The University Neighborhoods Development Corporation (UNDC) explained to the council that McDonald's has no intention to let go of their design ideas that go against the flow of the overlay.
Earlier that afternoon a couple of government relations’ workers including community liaison, Leah Dawkins, from the University of Memphis went before Chairman Harold Collins’ Land Use committee.
"Collins told us that he is sending it downstairs to open session because there is a lot of public opposition," Dawkins said. "It is considered a hot-button issue."
Attorney David Wade spoke as a representative for the UNDC explaining to council the overlay violations at hand.
The UNDC team went so far as to show city council a handful of McDonald’s overlay designs the company came up with for other cities.

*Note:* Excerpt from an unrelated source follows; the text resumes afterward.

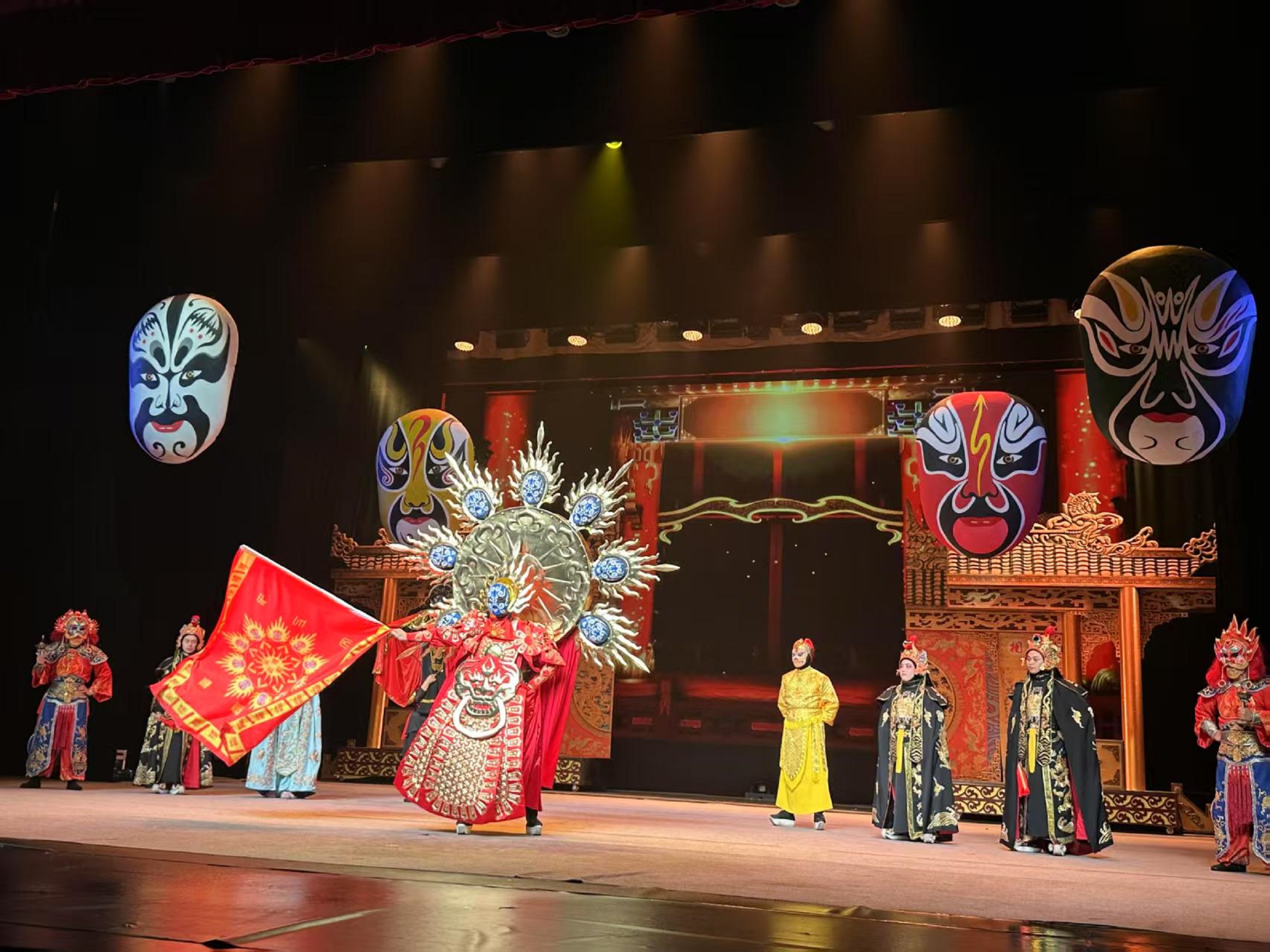 Chengdu Sichuan Opera House---Jinjiang Theater·"Sichuan Opera Show·Legendary Face Changing"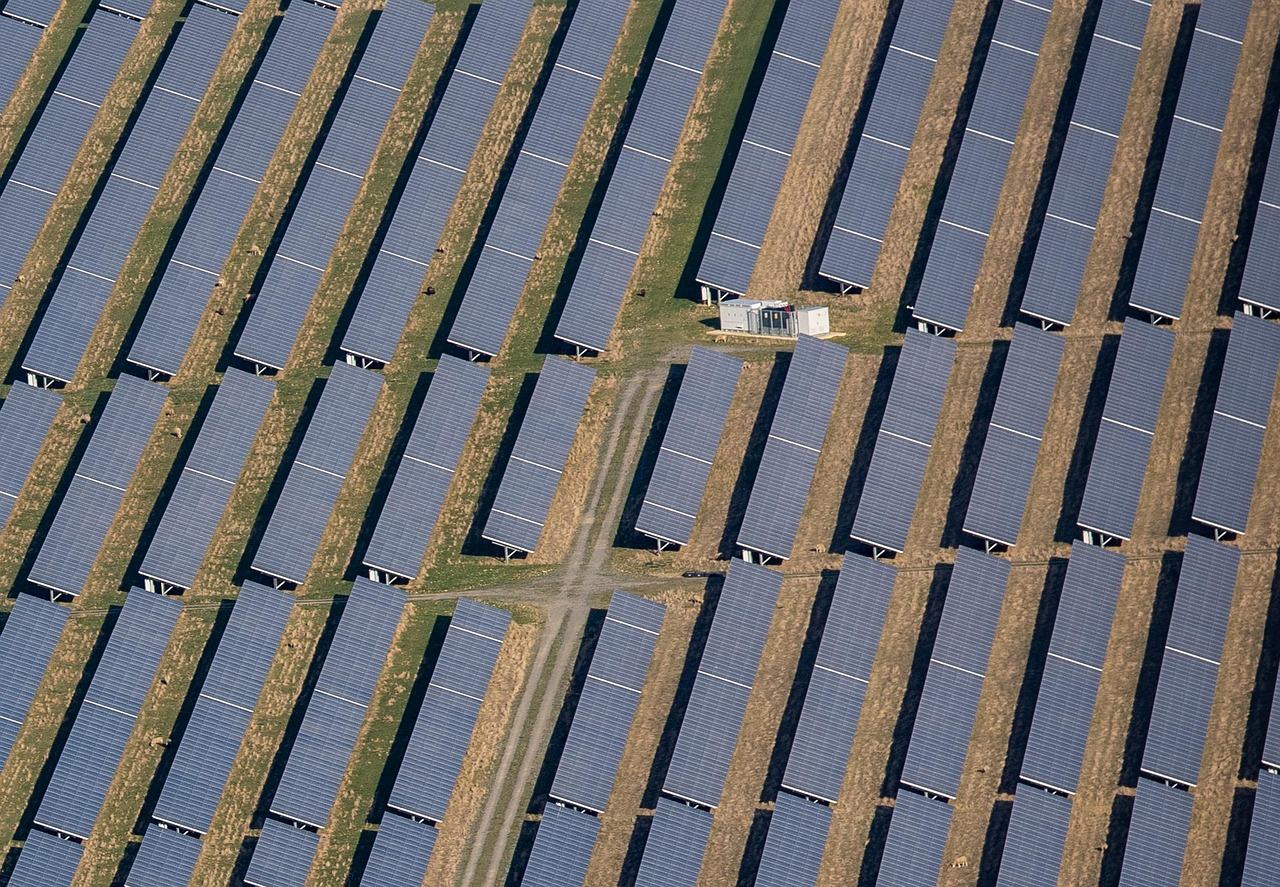 découvrez les avantages des énergies renouvelables, des solutions durables pour un avenir propre et respectueux de l'environnement.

Reaves argued that Memphis does not have the same amount of foot traffic akin to bigger cities and that a loop drive-thru is the only thing that will get customers in and out of the fast food chain in a money-making fashion, which the franchisees of McDonald's require.
Reaves made it clear that neither McDonald’s nor the franchise owners view the University district as pedestrian friendly - almost entirely evading the fact that chain intends to transplant their store by what will become the welcome entrance to the University District, which is according to the overlay design plans.
“Phase one of the overlay plan is set in motion to transform Brister Street to Walker Avenue into a visually striking grand entrance that will have wide sidewalks,” said Dawkins, who brought the petition to the council that afternoon along with some University cohorts.
After the vote, about 40 people walked out of the meeting in solidarity. The UDistrict social media page describes the emotional ruling after a majority of the council, including Shea Flinn, Harold Collins and Wanda Halbert vocalized their deference to the corporation.
Collins told a story about working at the current McDonald's on Highland back in college, but did not understand why they won't stick with the location they already own as it less than a block away.
“City Council voted to delay the vote to at least Dec. 17 and sent McDonald's back to OPD to redraft. Back to the drawing board. This means we go BACK to the Land Use Control Board for a do-over, then BACK to City Council. Don't lose momentum, UD. We need to pull together now more than ever!”
Paul Garner, an organization director at the Mid-South Peace and Justice Center, said he does not think it's a good idea for a company that doesn’t provide a living wage to occupy the space period. Garner was not surprised the council gave the company deference after the community has waited for five-months for resolve.
Garner attended a press conference earlier that day speaking out against McDonald's violations of worker's rights.
"McDonald's corporation does not meet the needs of the community in that area. $7.25 an hour is not caring about the people who live in our community," Garner said, who later posted a notice of an event on his social media for workers in fast food to openly discuss the imbalances in the workplace environment.